Friends come for supper. We eat thai food on the porch, drink white wine. When it grows dark we light candles. The girls dress up like magical creatures and dance around us, faces covered, waving wands.
M helps lead the singing in chapel, she bounces, smiles, waves her hands. Later she says she was nervous before it started but when she got on stage she realized it was fine.
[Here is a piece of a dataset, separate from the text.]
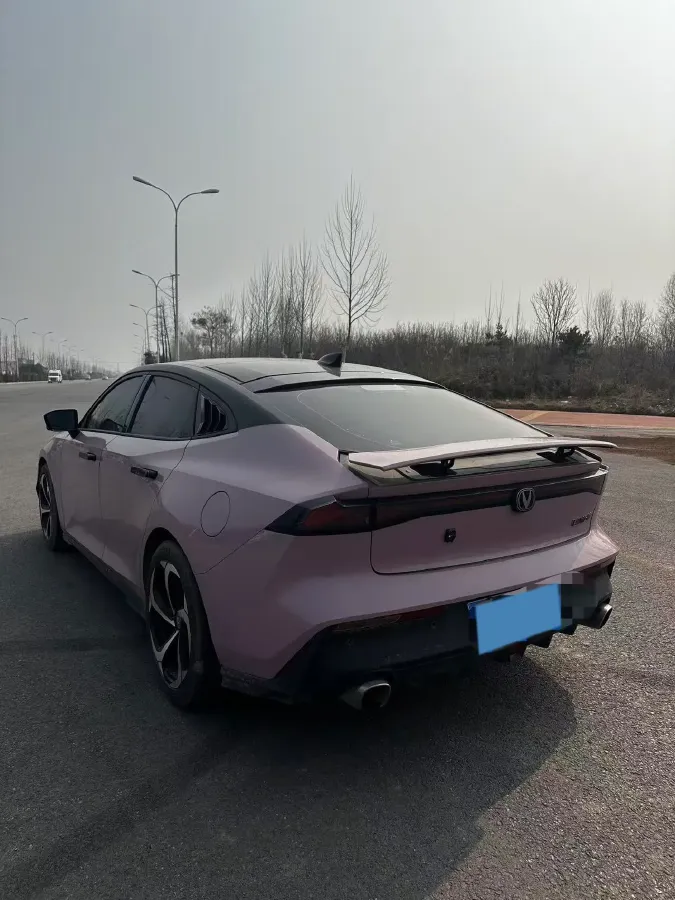 2022 ChangAn UNI-V 1.5T 188HP L4 7DCT,autocango,china used car exporter,china ev exporter,chinese used car exporter,chinese used ev exporter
P wants to ride her bike so she doesn’t forget. The other girls are eager to ride bikes that have been getting repairs for a month. So after supper we go to the track, the light is dim, it is quiet. J leaves the track to ride back and forth over bumps, grass, anything for an extra challenge. M falls and scrapes her ankle, insists she cannot move, but soon is riding fast, pushing past fear to fly down the hill. P works hard, tries to start by herself, whimpers for mom. When we get back, their feet are red, their bodies smell like the hard work of childhood. So we fill the bath with white bubbles, and they soak side by side while I read George MacDonald. J says her Homework Bible Verse. M holds bubbles to her lips. P creates a kitchen, pours water over the floor.
Tonight the air is perfect. Clear. Warm. We can’t stop noticing it, can’t bear to bring the dishes inside and miss even a moment. Light falls in horizontal lines through the banana trees, then slips away while we watch. We light candles stuck in old wine bottles. The girls sing songs from Frozen, songs from chapel, songs they make up about colours. We laugh and clap, lean back on embroidered pillows, watch the silhouettes of bats.
The girls strike dramatic theatre poses, like opera stars, the candle spotlights giving them confidence. Their voices carry across the valley.
M walks without sound down the hall. Her sisters are asleep. Her eyes are red. She stands by my chair in a white tanktop, pink pajama pants and waits. Nothing is wrong, she has no questions, she just needs to be near me for a few minutes before she can face the night again. I kiss her shoulder, smell her hair. The faint smell of vinegar and warmth.
We celebrate the week with pasta and gelati. Clink glasses after toasts to P’s bike riding and the older girls’ happy weeks. P and M spin circles by the tables. J curls in Phil’s lap, her stomach hurting, his arms big enough.